Amotosalen/UVA inactivation of bacteria and viability assay. For PCT, the ΔuvrAB strain was cultivated in LB medium at 37 °C and 250 rpm until an OD600 of 0.5 was reached. Various concentrations of amotosalen (a gift from Grenoble EFS) were added, and cultures were grown for 1 hour. One milliliter of culture (OD600 of 1) was then transferred in each well of a six-well culture plate for UVA irradiation at a dose of 7.2 J/cm2 in a Stratalinker 1800 device (Stratagen, La Jolla, CA). Viability of the photochemically inactivated cultures was assessed by serial dilution and plating on PIA for colony-forming units. Points represent mean values of triplicate plates counted at the most appropriate dilution (Figure 1b). The Live/Dead BacLight Bacterial Viability kit (Invitrogen) was used with manufacturer's instructions to assay the membrane integrity of the photochemically treated bacteria. With an appropriate mixture of the SYTO 9 and the propidium iodide stains, bacteria with intact cell membranes stain fluorescent green, whereas bacteria with damaged membranes stain fluorescent red.

T3SS analysis by secretion assay and Bla injection. OSTAB was transformed with the pEiS54-OVA plasmid. Resulting strains were grown overnight in LB containing 300 mg/l of carbenicillin. The next day, strains were grown in LB medium during PCT. After a washing step, the cells were resuspended in LB with or without 0.5 mmol/l of IPTG, 5 mmol/l of EGTA, and 20 mmol/l of MgCl2. The resuspension was cultivated for 3 hours at 37 ° C. The EGTA-induced calcium depletion triggers the activation of P. aeruginosa's T3SS and the secretion of T3SS effectors in the culture medium.21 Supernatants were precipitated with 15% perchloric acid as described by Derouazi et al.42 and were analyzed by SDS-PAGE (Mini-PROTEAN Tris Glycine 12% precast gel (Bio-Rad, Milan, Italy)). Immunoblotting was performed with polyclonal rabbit anti-chicken ovalbumin antibody (AbDserotec, Oxford, UK) at 1/5,000 in tris-buffered saline with 0.5 mg/ml bovine serum albumin to test for the presence of the secreted fusion protein S54-OVA. A control strain (not exposed to UVA) was conserved at 4 °C and OD600 = 1 during the PCT of the other strains. When necessary, we quantify the relative amount of OVA by densitometry analysis with ImageJ software (Rasband, W.S., ImageJ, U. S. National Institutes of Health, Bethesda, MD; http://imagej.nih.gov/ij/, 1997–2012).

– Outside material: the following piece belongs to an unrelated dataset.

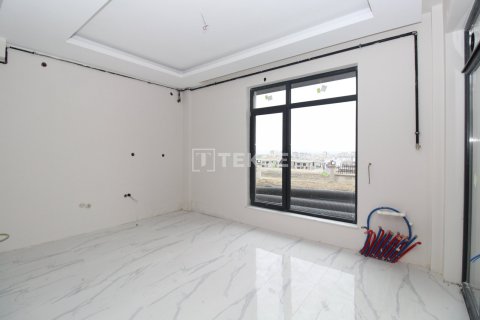 4+1 Villa in Ankara, Turkey No. 13389 28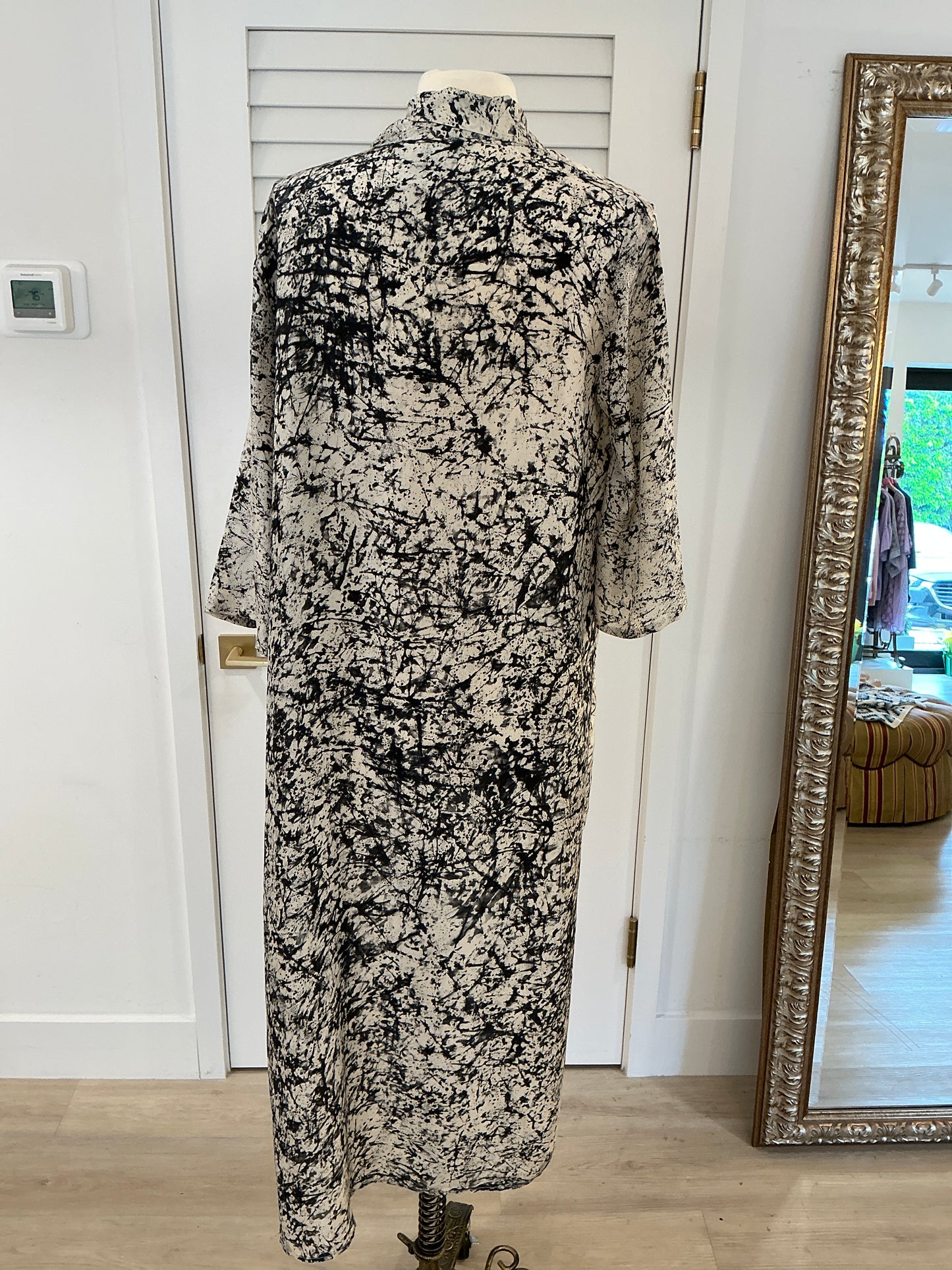 NAGOYA KIMONO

We also tested for the presence of the OVA antigen, as previously described by Derouazi et al.,42 to verify its secretion in all vaccination protocols (ELISPOT or Tumor challenge vaccination). For the Bla injection assay,37 HL60 cells were washed once in a complete RPMI medium without antibiotics and were seeded in 48-well tissue culture plates at 2.105 cells/well in a complete RPMI medium without antibiotics. After 3 hours of infection at 37 °C and 5% CO2, the P. aeruginosa strain expressed the S54-Bla fusion protein. Cells were then incubated in a freshly prepared 6xCCF2/AM solution (1 μmol/l final concentration; Invitrogen) for 30 minutes in the dark at room temperature. The percentage of cells that received S54-Bla reporter fusions was quantified by flow cytometry (FACS Moflo; Dako Cytomation, Brea, CA). The results are expressed as the percentage of cells that exhibited blue fluorescence. Uninfected cells incubated with CCF2-AM were used as a negative control.

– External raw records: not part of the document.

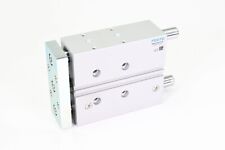 Festo 170934 dfm gebraucht kaufen  Dresden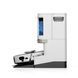 Робот-пилосос Shark Detect Pro Max with Auto Empty System (RV2800ZEEUWH) [615756], фото 3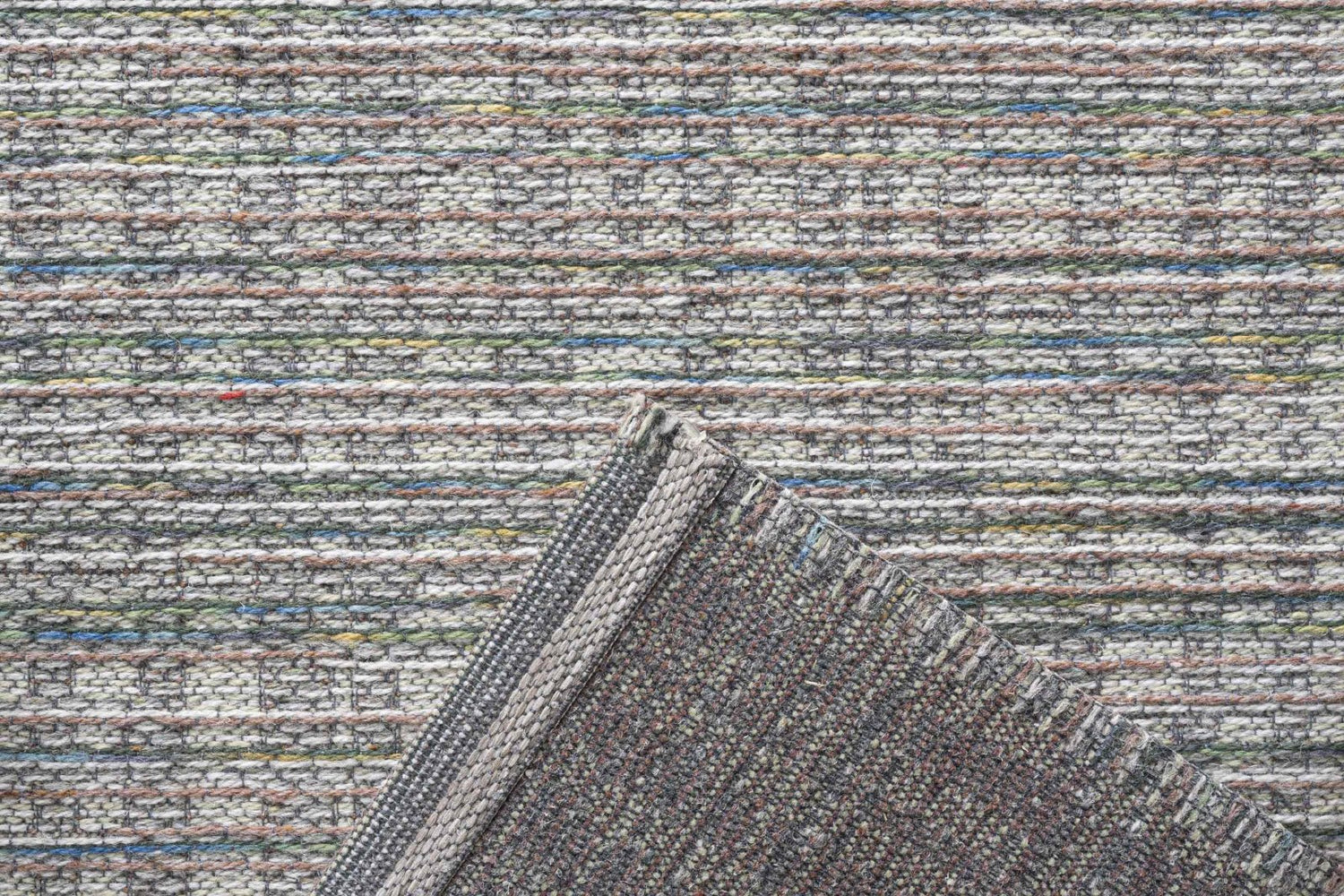 Goa 86068-4005 Rug - Love-Rugs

Cytotoxicity assay. Cytotoxicity assays on murine and human DCs were assessed in vitro. Prior to infection, C57BL/6J BMDCs were seeded in 96-well plates at 5 × 104 cells/well for 4 hours at 37 °C with 5% CO2. Both PCT and non-PCT bacteria were washed two times in Iscove's modified Dulbecco's medium supplemented with 1X non-essential amino acids and 1% fetal calf serum. BMDCs were infected at an MOI of 10:1, and the infection was performed for 3 hours in 200 μl of Iscove's modified Dulbecco's medium supplemented in a candle jar at 37 °C. Cytotoxicity was assessed by the release of lactate dehydrogenase into the supernatants of the infected cells using a cytotoxicity detection kit (LDH; Roche, Mannheim, Germany).43 The percentage of cytotoxicity in each experiment was calculated with the following equation: (experimental value − control with only cells)/(control with 1% Triton X-100 − control with only cells) × 100.

Dissemination in mouse. For a count of colony-forming units, three mice were injected s.c. with 5.107 bacteria. The animals were sacrificed 24 hours after injection, and their various organs were immediately collected and placed into 100 µl of medium. The organs were then mechanically homogenized under sterile conditions. A serial tenfold dilution was performed, and the solutions were plated on PIA Gm.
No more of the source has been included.